> WHAT IS NEEDED: Copying rule for the data below: pictures stay out, and only the lines from the one with "Volker Ritters - e.a: zes" down to the one with "Devi-brahma-vishnu-shiva", inclusive, are repeated exactly.
###
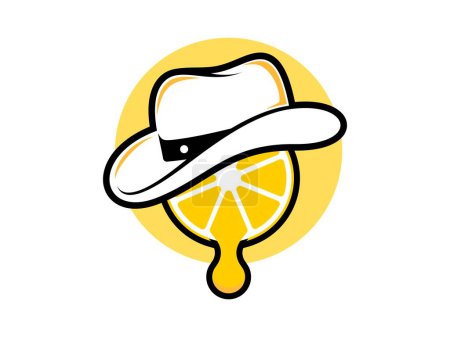 Illustration for Circle shape with cowboy hat and lemon - Royalty Free Image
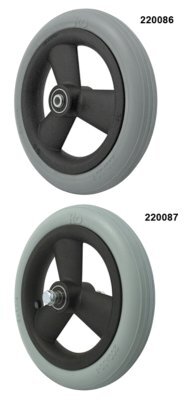 Rad mit PU-Reifen 3 Speichen Nabenlänge 46 mm, schwarz/grau>>>>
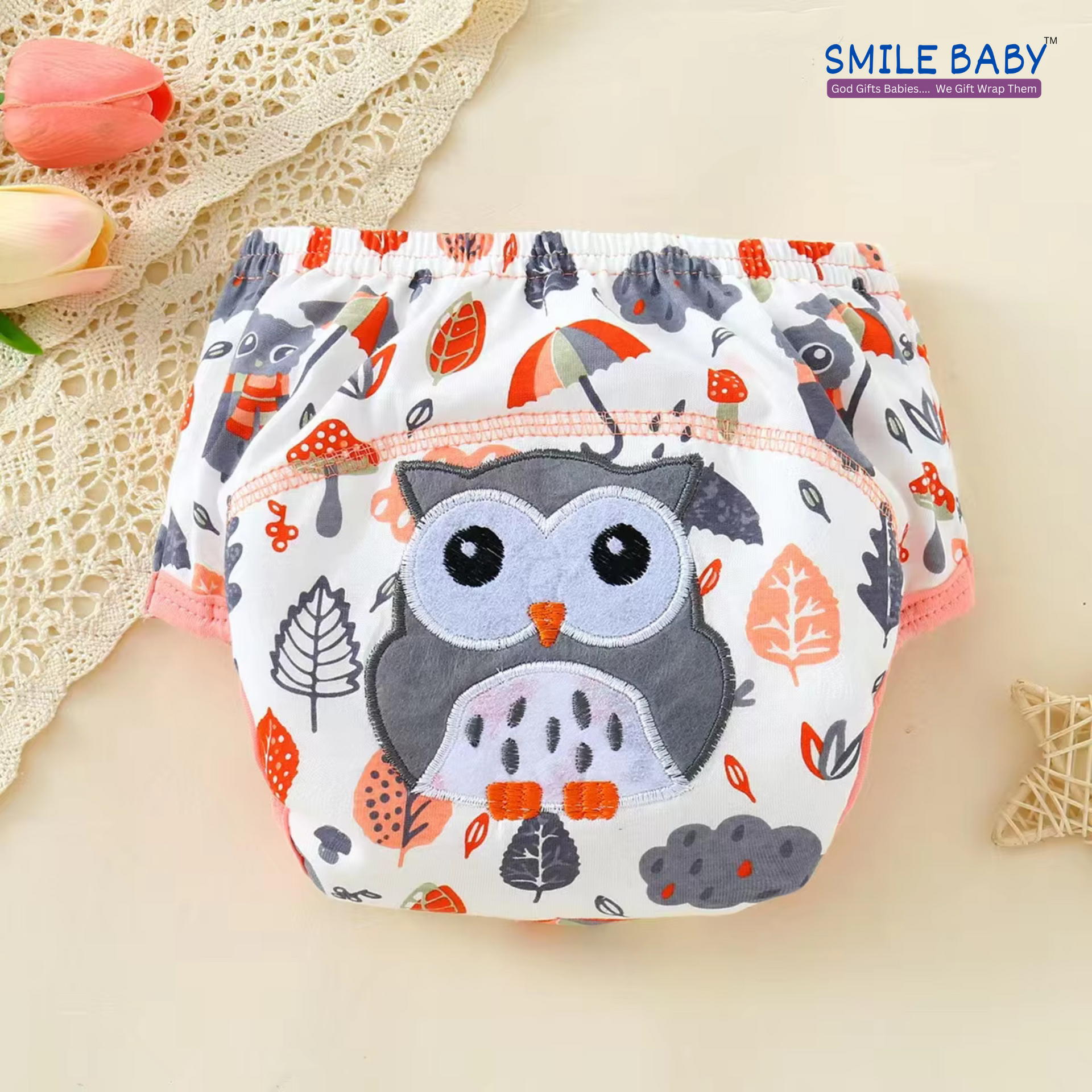 Smile Baby Potty Training Pants Boys Girls Training Underwear Reusable (OWL/DINOSAUR/UFO) PACK OF 3 0 to 2 year (2029)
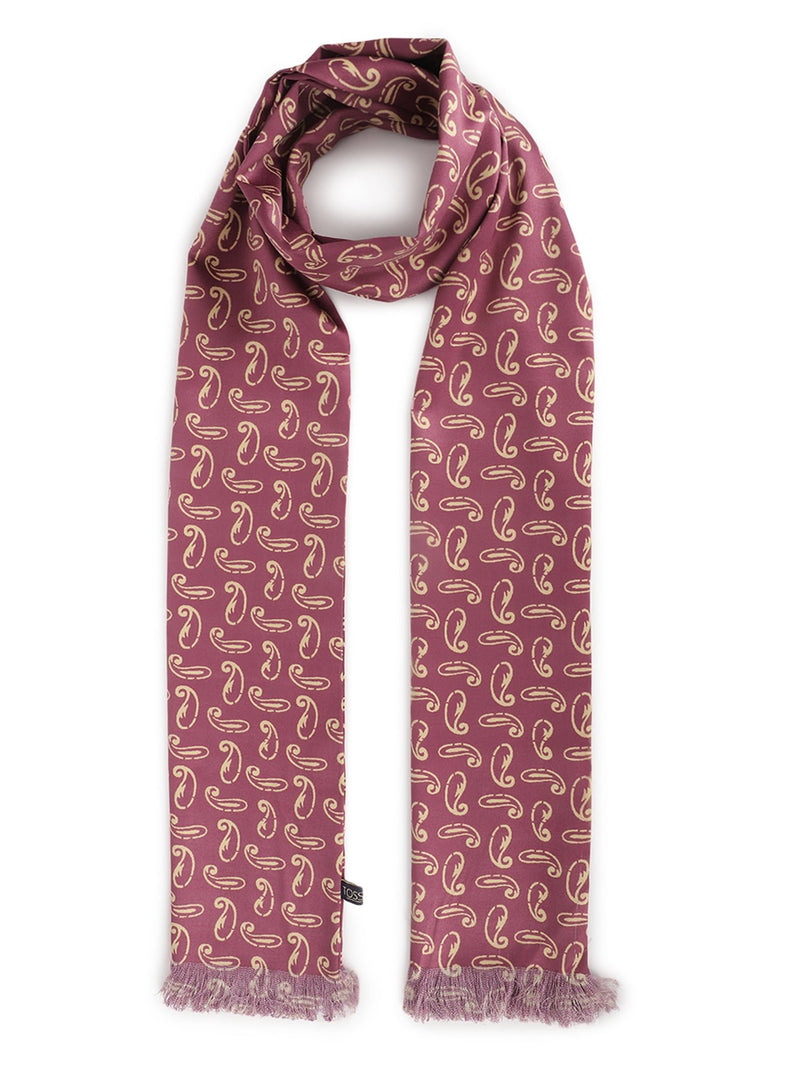 Maroon Paisley Stole & Pocket Square Set - TOSSIDO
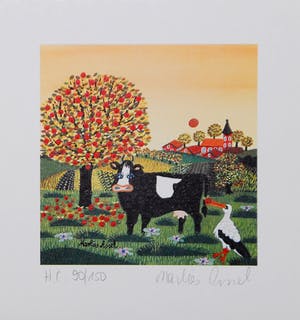 Volker Ritters - e.a: zes handgesigneerde zeefdrukken: Alchemist, Uitzicht, Landschap, Koe I-III kopen? Bied vanaf 15!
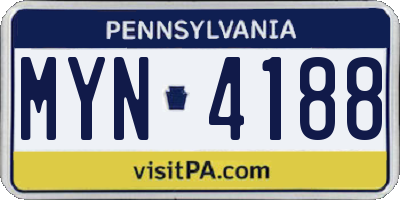 PA license plate MYN4188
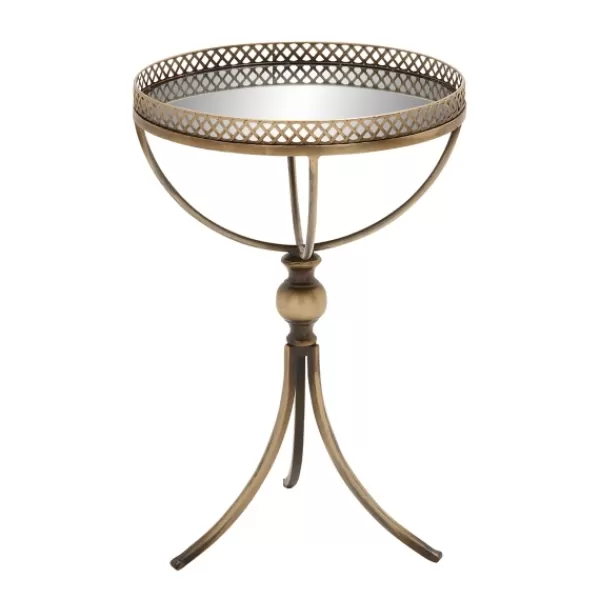 Accent & End Tables-Kirkland's Home Mirror Top Metal Accent Table Gold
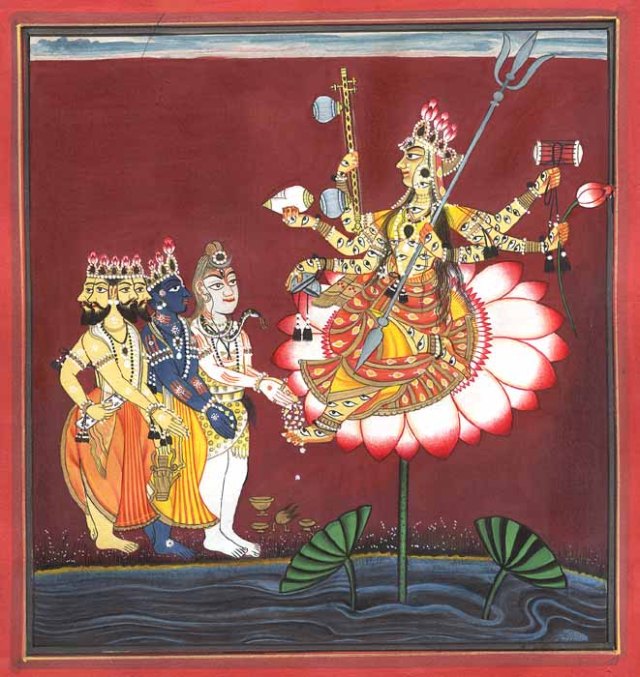 Devi-brahma-vishnu-shiva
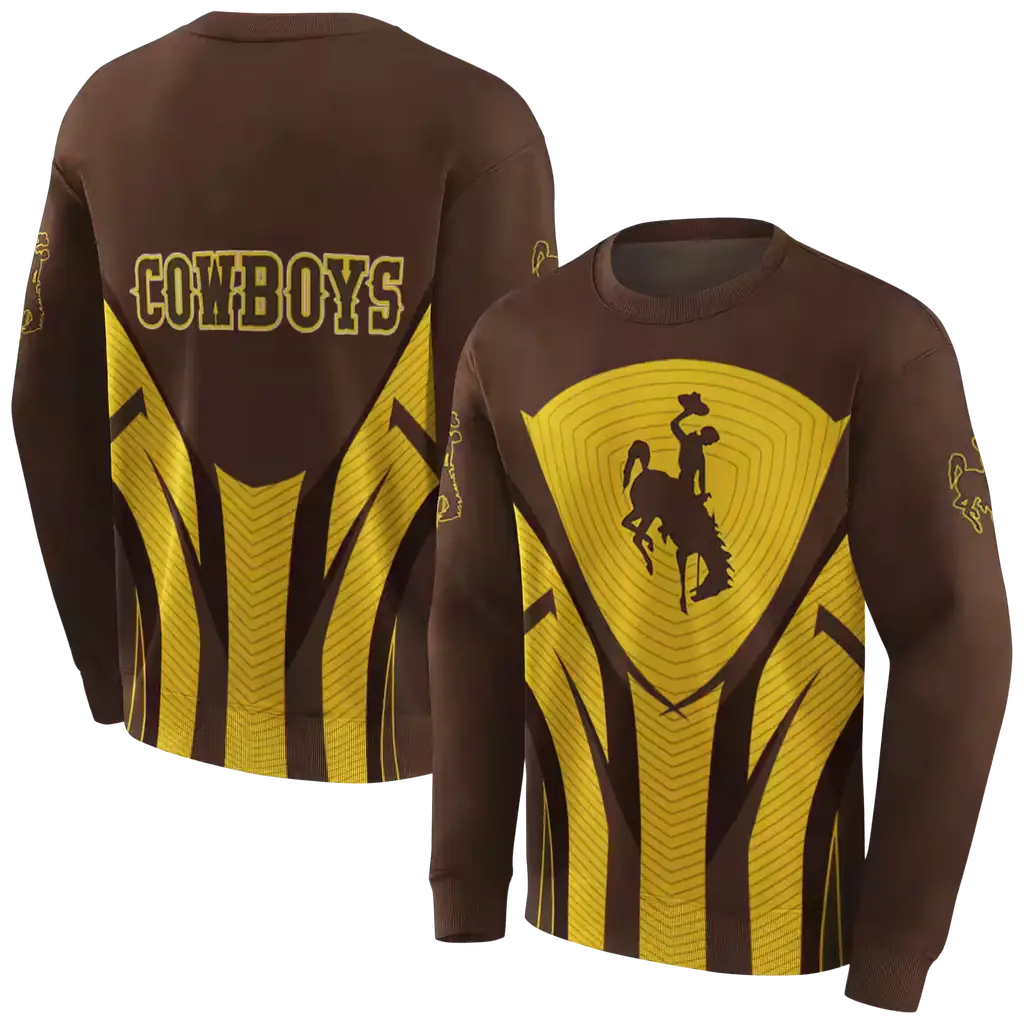 wyoming cowboys concentric lines brown black hoodie premium grade wyoming cowboys concentric lines brown black hoodie premium grade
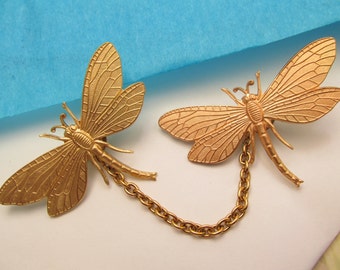 Dragonfly Sweater clips Cardigan clips collar clips Gold sweater guard dragonfly jumper clips tie tacks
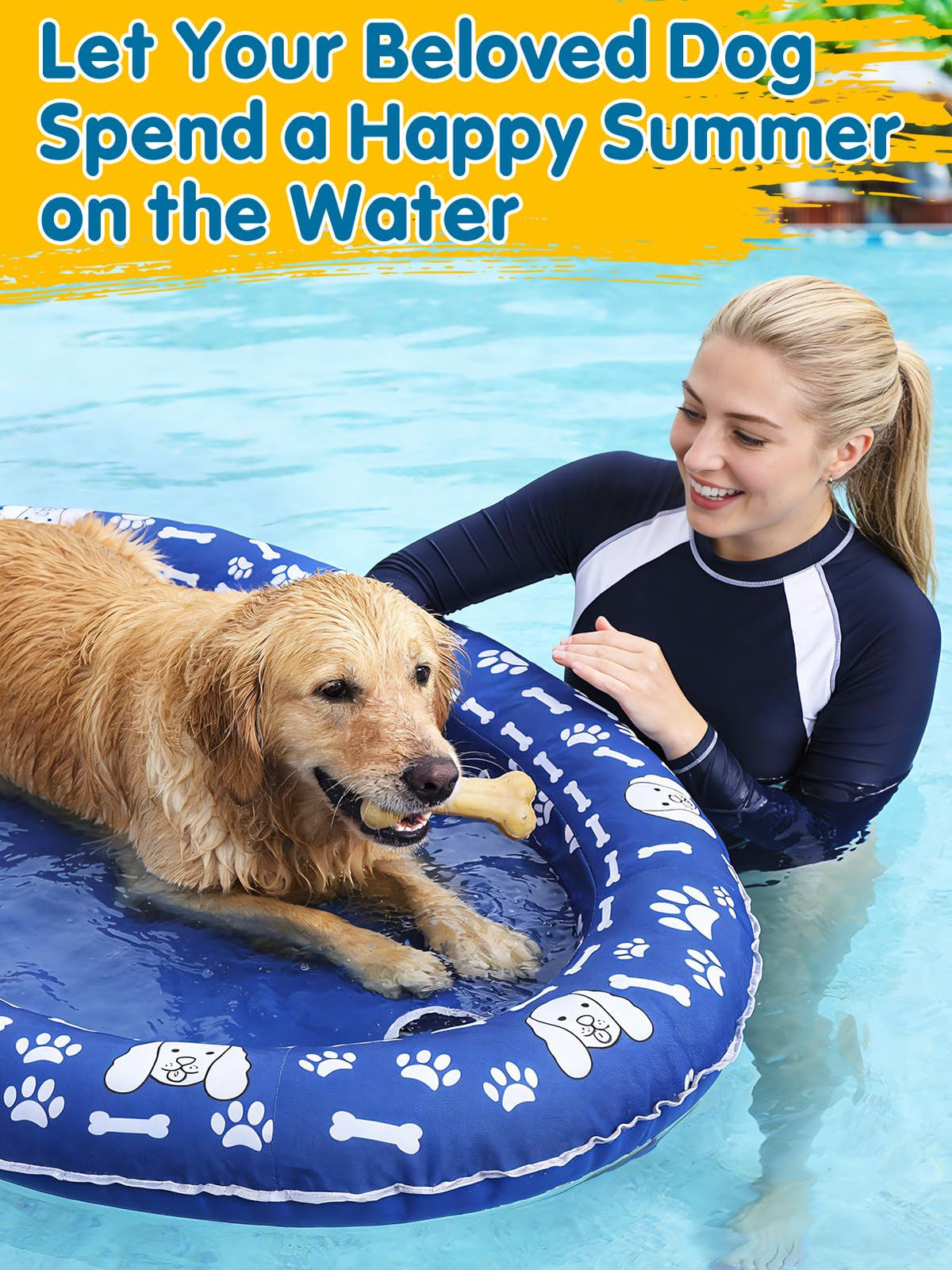 Water flow holes help keep dogs cool while floating.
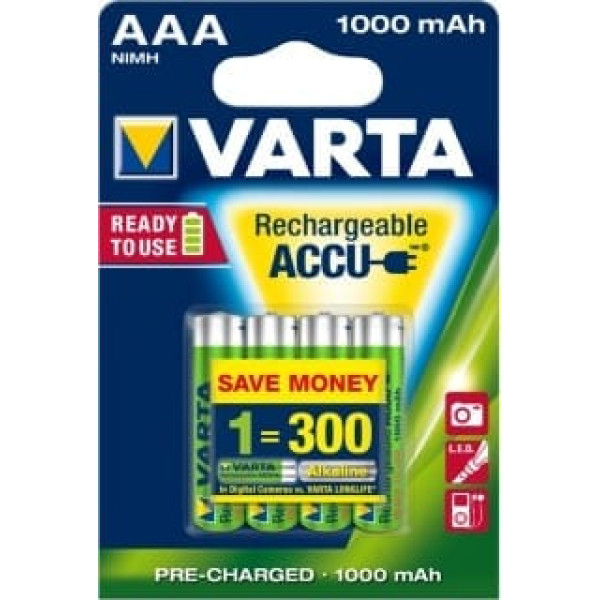 Varta Akumulators r3 1000 mah 4 gab. gatavs 2 lietošanai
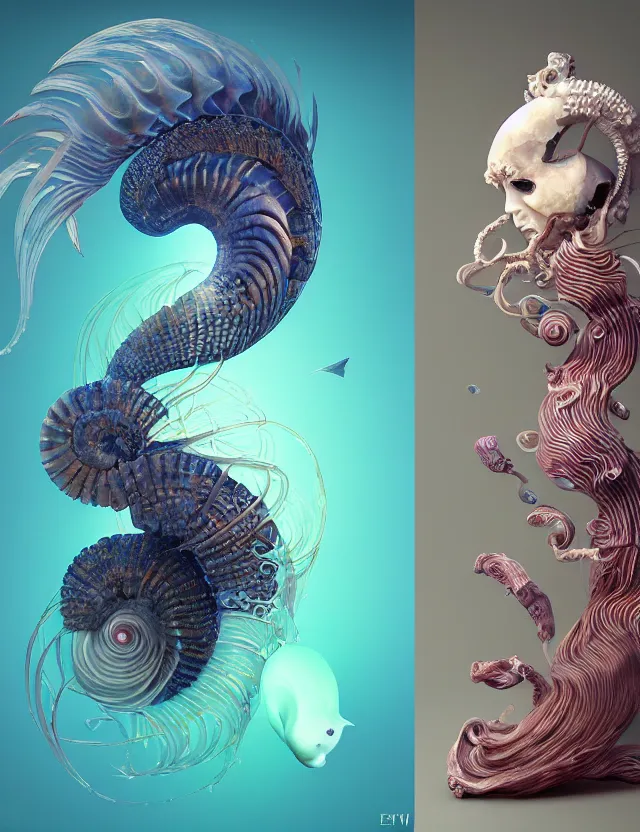 Image similar to 3 d goddess nautilus half - turn portrait with long hair with ram skull. beautiful intricately detailed japanese crow kitsune mask and clasical japanese kimono. betta fish, jellyfish phoenix, bio luminescent, plasma, ice, water, wind, creature, artwork by tooth wu and wlop and beeple and greg rutkowski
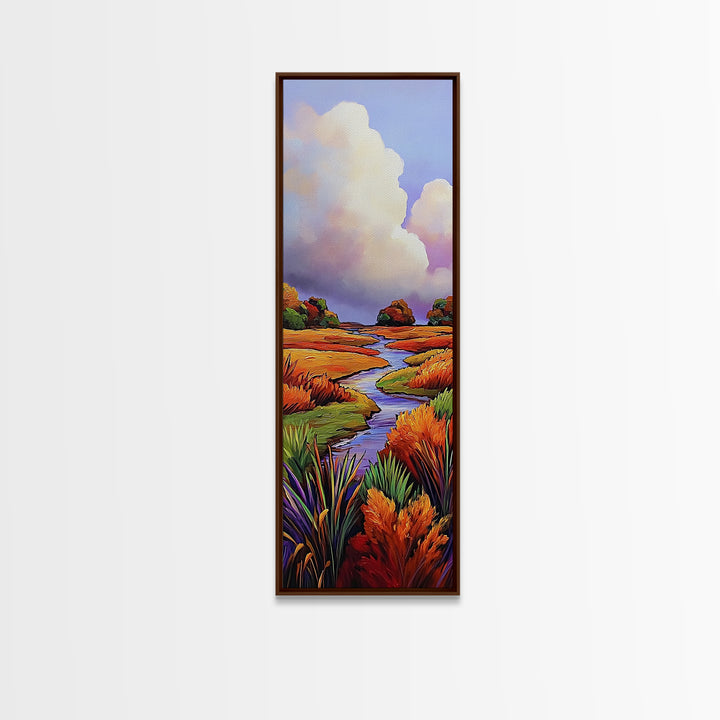 Autumn Marsh, Winding Stream, Colorful Landscape, Framed Canvas Print, fall wall decor, nature inspired art, rustic home or cabin decor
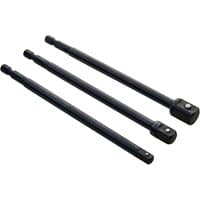 Black Bluespot Tools 14117 impact socket adaptor set, three pieces with hex ends and square drive heads.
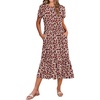 Zeagoo Women Summer Midi A Line Dress Short Sleeve Casual Flowy Tiered Beach Long Sundress with Pockets 2026 Vacation Travel(Red Floral-2)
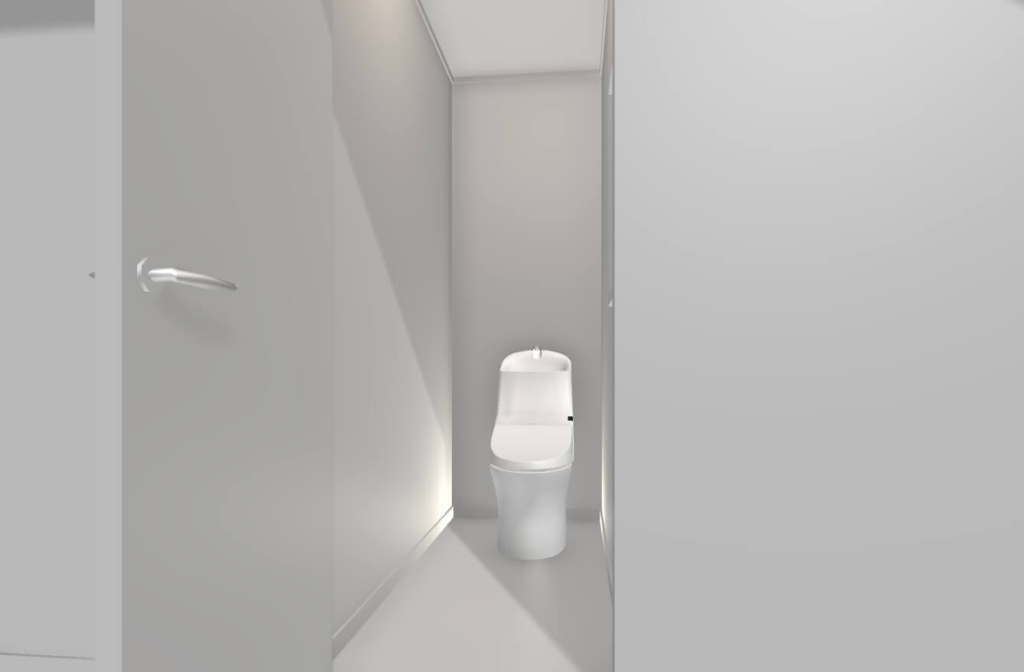 1畳トイレパース機器3Dシミュレーション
###
> RESPONSE:
 Volker Ritters - e.a: zes handgesigneerde zeefdrukken: Alchemist, Uitzicht, Landschap, Koe I-III kopen? Bied vanaf 15!
 PA license plate MYN4188
 Accent & End Tables-Kirkland's Home Mirror Top Metal Accent Table Gold
 Devi-brahma-vishnu-shiva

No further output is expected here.